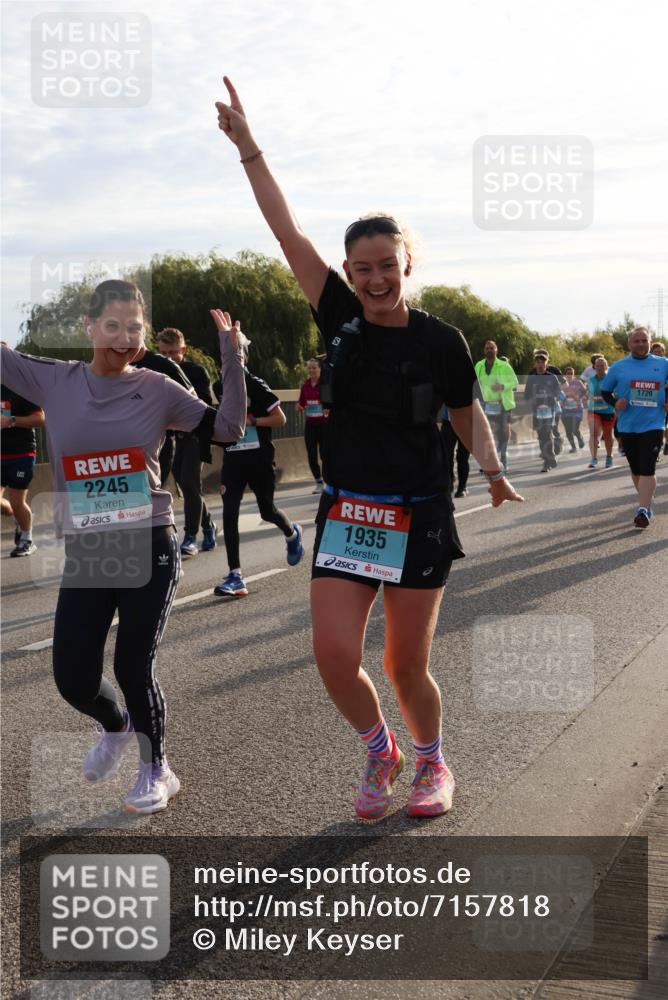 03.10.2024 - Köhlbrandbrückenlauf Miley Keyser http://msf.ph/oto/7157818 03.10.2024 09:18:57 Position 3 2245, 1935, 1729 meine-sportfotos.de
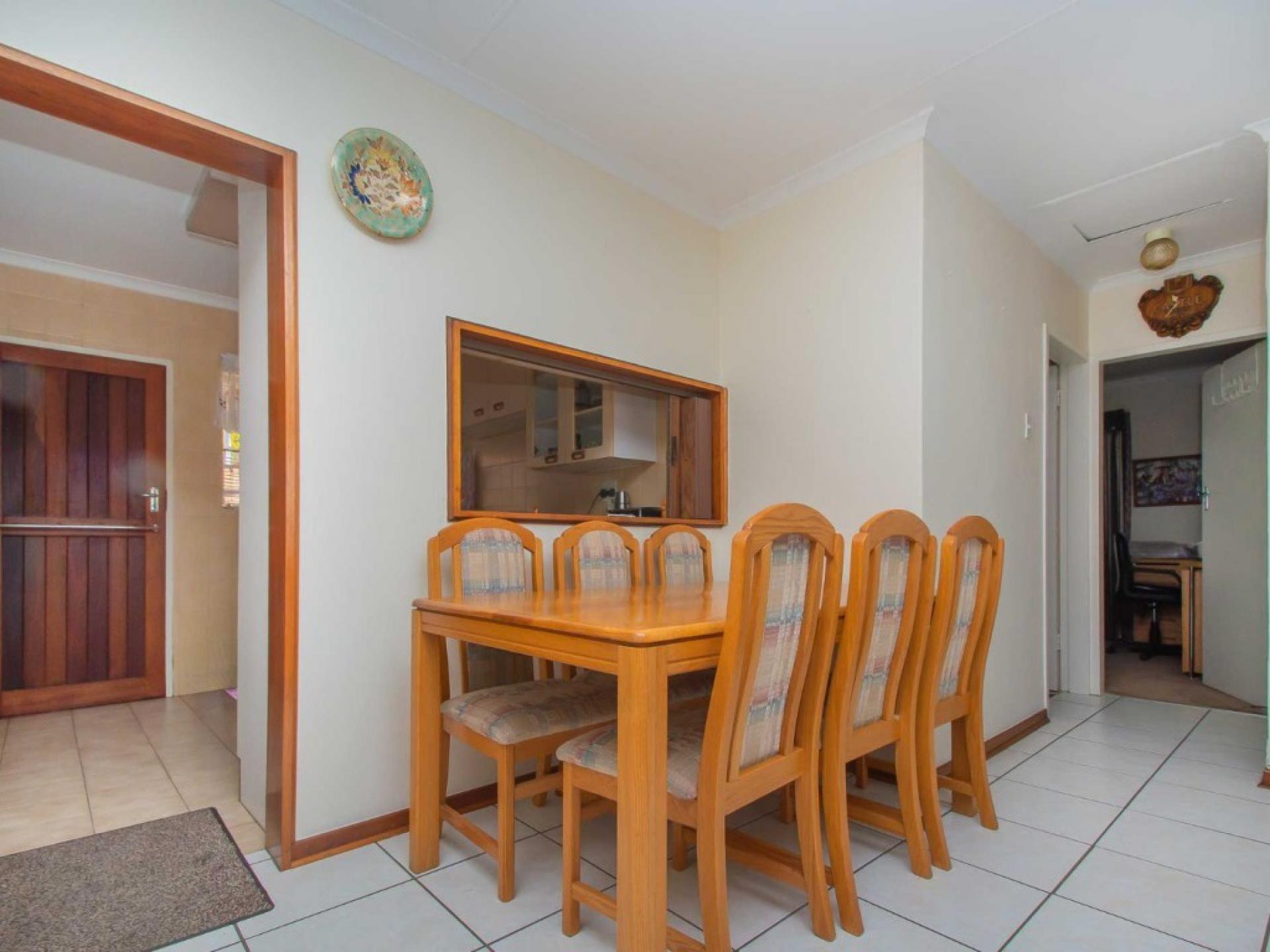  of property in Wilropark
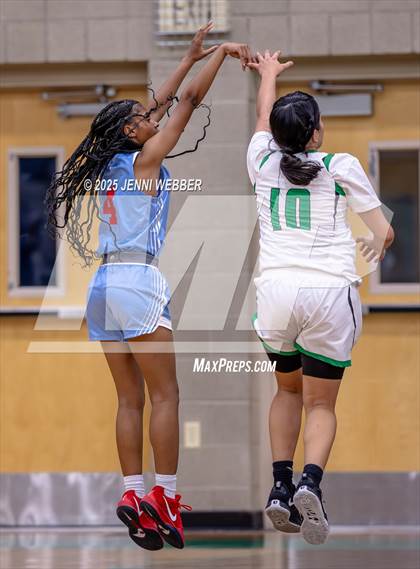 Thumbnail 3 in Western @ Rancho photogallery.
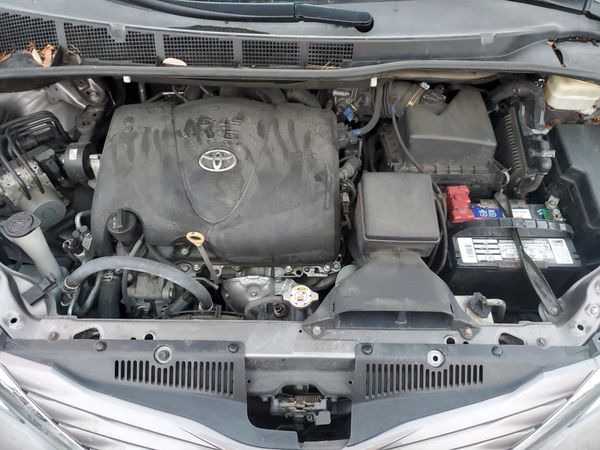2017 TOYOTA SIENNA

+++++

Give the data above back unchanged, except for the pictures.

 03.10.2024 - Köhlbrandbrückenlauf Miley Keyser http://msf.ph/oto/7157818 03.10.2024 09:18:57 Position 3 2245, 1935, 1729 meine-sportfotos.de
  of property in Wilropark
 Thumbnail 3 in Western @ Rancho photogallery.
2017 TOYOTA SIENNA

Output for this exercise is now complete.